* **About this task**
Copy the complete listing word for word, but do not carry over any images.

* **Material provided**

====

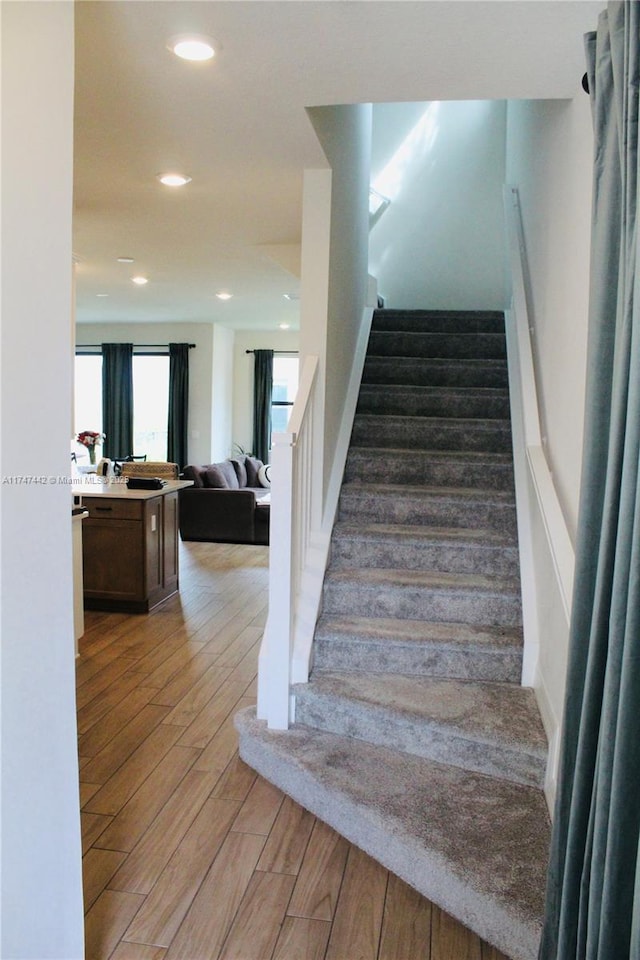 stairway featuring recessed lighting and wood finished floors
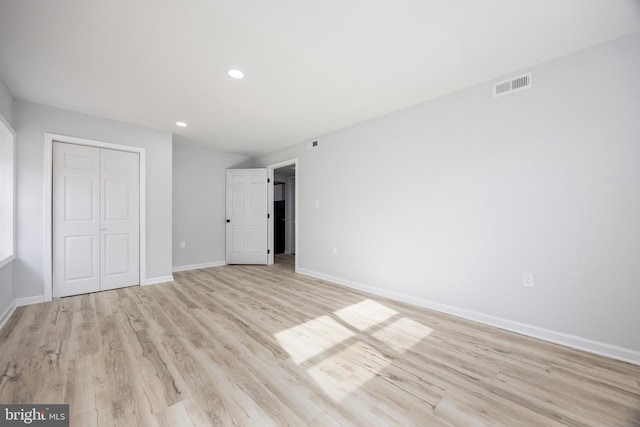 unfurnished bedroom featuring a closet, visible vents, light wood-type flooring, and baseboards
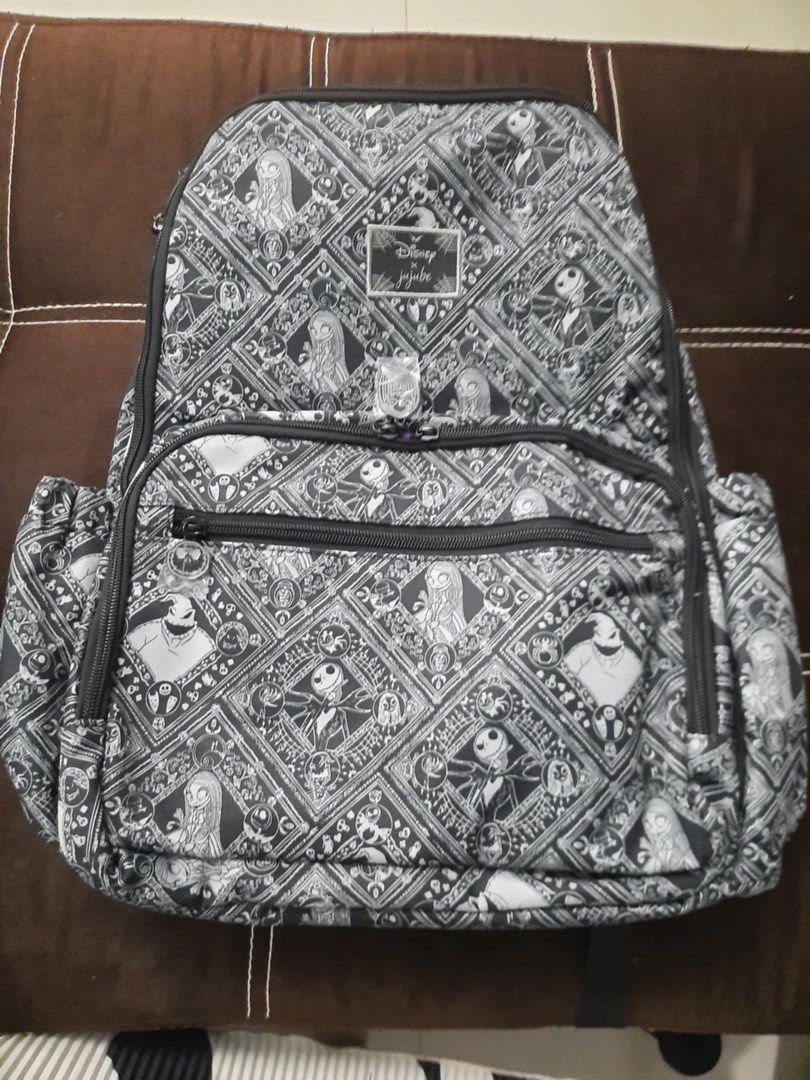 Ju-Ju-Be Disney The Nightmare Before Christmas Backpack (Category: Backpacks) located in Dagupan City. Submitted by francesco11 (Listing ID 1440768425, Image 1). Description: - Authentic Ju-Ju-Be backpack - The Nightmare Before Christmas collection - All-over black and white Jack Skellington print - Multiple interior pockets for organization - Side pockets for extra storage - Vibrant purple lining with yellow snake print - Secure zipper closures.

====

* **Exercise output**
 stairway featuring recessed lighting and wood finished floors
 unfurnished bedroom featuring a closet, visible vents, light wood-type flooring, and baseboards
 Ju-Ju-Be Disney The Nightmare Before Christmas Backpack (Category: Backpacks) located in Dagupan City. Submitted by francesco11 (Listing ID 1440768425, Image 1). Description: - Authentic Ju-Ju-Be backpack - The Nightmare Before Christmas collection - All-over black and white Jack Skellington print - Multiple interior pockets for organization - Side pockets for extra storage - Vibrant purple lining with yellow snake print - Secure zipper closures.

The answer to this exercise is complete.